=== Begin Enclosure ===

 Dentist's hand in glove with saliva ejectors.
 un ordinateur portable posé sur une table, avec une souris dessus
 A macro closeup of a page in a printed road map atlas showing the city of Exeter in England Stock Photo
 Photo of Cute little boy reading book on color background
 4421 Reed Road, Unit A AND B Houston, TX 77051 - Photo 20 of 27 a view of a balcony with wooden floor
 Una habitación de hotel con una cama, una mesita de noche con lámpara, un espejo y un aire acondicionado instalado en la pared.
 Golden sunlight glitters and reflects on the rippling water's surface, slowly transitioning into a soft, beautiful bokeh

=== End Enclosure ===
=== Begin Enclosure ===

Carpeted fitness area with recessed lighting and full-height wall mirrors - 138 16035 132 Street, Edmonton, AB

=== End Enclosure ===

▶ [Work request]: Write out exactly the lines above between the line with "A macro closeup" and the line with "Una habitación de", inclusive, and nothing beyond them.

▶ [Task response]:
 A macro closeup of a page in a printed road map atlas showing the city of Exeter in England Stock Photo
 Photo of Cute little boy reading book on color background
 4421 Reed Road, Unit A AND B Houston, TX 77051 - Photo 20 of 27 a view of a balcony with wooden floor
 Una habitación de hotel con una cama, una mesita de noche con lámpara, un espejo y un aire acondicionado instalado en la pared.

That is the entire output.